I've grown them a few times since, when I was able to find seed; they have always been precocious but not quite so extreme.  Never been as low growing either, or with as deep a blue color.


Hi Rick,

Your experiences cultivating Phacelia campanularia at 45 N are very interesting. Based on what you have related, it appears that there is a way forward with the cultivation of Phacelia campanularia in far northern latitudes. With the correct sowing time and cultivation techniques it might be quite easy.

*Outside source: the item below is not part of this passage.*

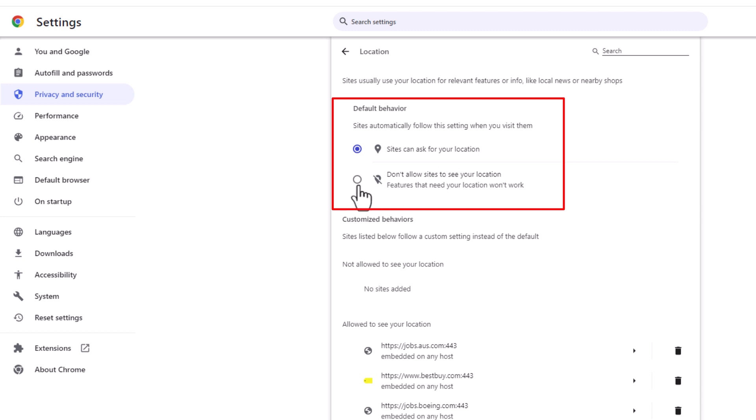If you toggle the bottom one on here, don't allow sites to see your location. So that is how you toggle on or off your location in the Google Chrome web browser.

As for off-type seed lines….  Maybe it is the farmer in me? Given my goals with horticulture, as much as possible, I maintain my own seed lines, which includes many perennial species. After all, in agriculture the quality of a seed line can make the difference between survival and perishing. My goal is to maintain as much genetic diverse as possible, yet maintain purity to species or varietal characteristics. Genetic diversity needs to be maintained with out-breeding species and excessive inbreeding is a poor strategy for maintaining in-breeding species. Maintaining quality seed lines requires time and precise effort, however the rewards, for me, are worth the time and attention.

I do get off-type pale blue Phacelia campanularia seedlings that need to be rogued-out to keep my deep blue seed line well maintained. The percentage is small and to me is an indication that I am maintaining a reasonable degree of genetic diversity in this seed line.
Robert Barnard
Sacramento & Placerville, Northern California, U.S.A.